12. Governing Law. This Agreement shall be interpreted in accordance with, and governed by, the
substantive and procedural law of the State of Washington. The parties hereby consent to the
jurisdiction of the courts of the State of Washington in Jefferson County in resolving any dispute arising
under or concerning this Agreement.
13. Attorney's Fees. If any litigation or arbitration is commenced between the parties concerning
any provision of this Agreement or the rights and duties of any person in relation thereto, then each
party shall be solely responsible for the attorney's fees and expenses it incurred in connection with such
litigation or arbitration.
14. Subcontracts and Assignment. Neither party may assign this Agreement or delegate, assign, or
subcontract all, or any part of its duties under this Agreement without the express written consent of the
other party.
15. Integration. This Agreement constitutes the entire agreement between the parties
pertaining to the subject matter hereof, supersedes all prior agreements and understandings,
whether oral or written, which the parties may have in connection herewith; and may not be
modified except by written agreement signed by the parties.
PORT OF PT /WSU EXTENSION
LICENSE AGREEMENT
16. SeverabilitY. If any provision of this Agreement is determined by a court of competent
jurisdiction to be void or unenforceable in whole or in part, such determination shall not affect or
impair the enforceability or validity of the remainder of this Agreement.

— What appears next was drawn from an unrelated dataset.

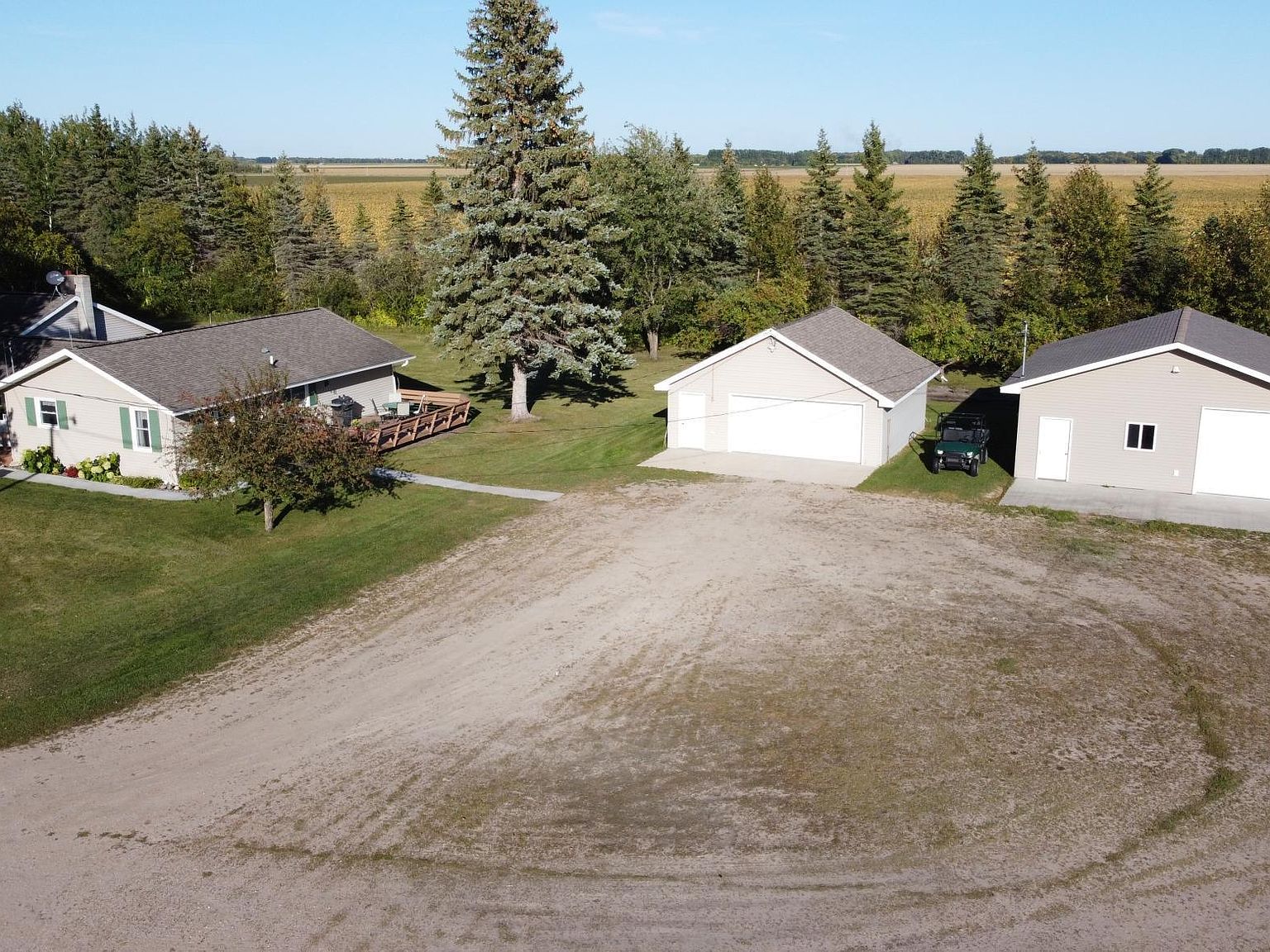 37492 320th St, Roseau, MN 56751 MLS 6476168 Zillow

17. Waiver. Failure of either party at any time or from time to time to enforce any of the
terms of this Agreement shall not be construed to be a waiver of such term or of such party s right
to thereafter enforce each and every provision hereof. No waiver of any term of this Agreement
shall be effective unless made in a writing signed by the party against whom any such waiver is
sought to be enforced.
18. Authorization. The execution of this Agreement and the performance hereunder of each
signatory have been duly and validly authorized.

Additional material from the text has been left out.